Hacker News new | past | comments | ask | show | jobs | submit login
Mtime comparison considered harmful (apenwarr.ca)
120 points by panic 10 months ago | hide | past | web | favorite | 59 comments

In Ninja I sorta stumbled through some of the same issues described here. I eventually realized that the interesting question is "does this output file reflect the state of all the inputs" and not anything in particular about mtimes, and that"inputs" includes not only the contents of the input files, but also the executables and command lines used to produce the output.

If you squint, mtime/inode etc. behave like a weak content signature of the input. And once you have that perspective, you say "if mtime != mtime I had last time, rebuild", without caring about their relative values, and that sidesteps a lot of clock skew related issues. It does "the wrong thing" if someone intentionally pushes timestamps to a point in the past (e.g. when switching branches to an older branch) as an attempt to game such a system, but playing games with mtime is not the right approach for such a thing, totally hermetic builds are.

One nice trick is that you can even capture all the "inputs" with a single checksum that combines all the files/command lines/etc., and that easily transitions between truly looking at file content or just file metadata. The one downside is that when the build system decides to rebuild something, it's hard to tell the user why -- you end up just saying "some input changed somewhere".

Is there a description of Ninja's algorithm anywhere? I looked at the manual [1] and didn't quite see it.

Does Ninja use a database like sqlite? It seems like it has to if it does something better than Make's use of mtimes. (e.g. the command line, which Make doesn't consider.)

I looked at redo (linked in the article) and it uses sqlite to store the extra metadata.

[1] https://ninja-build.org/manual.html

No, sorry. And I also mixed what Ninja actually does with some random observations in that comment.

Ninja does use some database-like things, but they are just in a simple text/binary format. It's actually been long enough that I have forgotten the details.

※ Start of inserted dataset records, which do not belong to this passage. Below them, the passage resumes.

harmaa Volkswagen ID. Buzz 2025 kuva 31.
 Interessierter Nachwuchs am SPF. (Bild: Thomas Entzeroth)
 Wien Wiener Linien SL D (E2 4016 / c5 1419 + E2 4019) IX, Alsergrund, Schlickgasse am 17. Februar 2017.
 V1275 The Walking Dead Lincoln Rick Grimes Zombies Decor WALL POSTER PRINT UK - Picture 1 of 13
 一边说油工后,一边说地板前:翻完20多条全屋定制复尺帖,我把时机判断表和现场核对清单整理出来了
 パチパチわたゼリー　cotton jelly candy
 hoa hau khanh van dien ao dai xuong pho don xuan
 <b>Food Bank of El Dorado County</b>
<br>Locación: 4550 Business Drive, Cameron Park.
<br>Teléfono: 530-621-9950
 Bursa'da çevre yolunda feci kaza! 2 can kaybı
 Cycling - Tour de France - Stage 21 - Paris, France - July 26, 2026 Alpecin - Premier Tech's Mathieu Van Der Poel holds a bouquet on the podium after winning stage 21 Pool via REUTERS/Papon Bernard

https://ninja-build.org/manual.html#ref_log (contains a hash of the commands used) / https://ninja-build.org/manual.html#_deps (database-like thing with some mtimes, see https://github.com/ninja-build/ninja/blob/master/src/deps_lo... )

This reminds me, I should study ninja's binary format and maybe borrow it :)

The sqlite3 database used in redo was just something I threw together in the first few minutes. sqlite was always massive overkill for the problem space, but because it never caused any problems, it's been hard to justify working on it. I'd like to port redo from python to C, though, and then the relative size of depending on a whole database will matter a lot more.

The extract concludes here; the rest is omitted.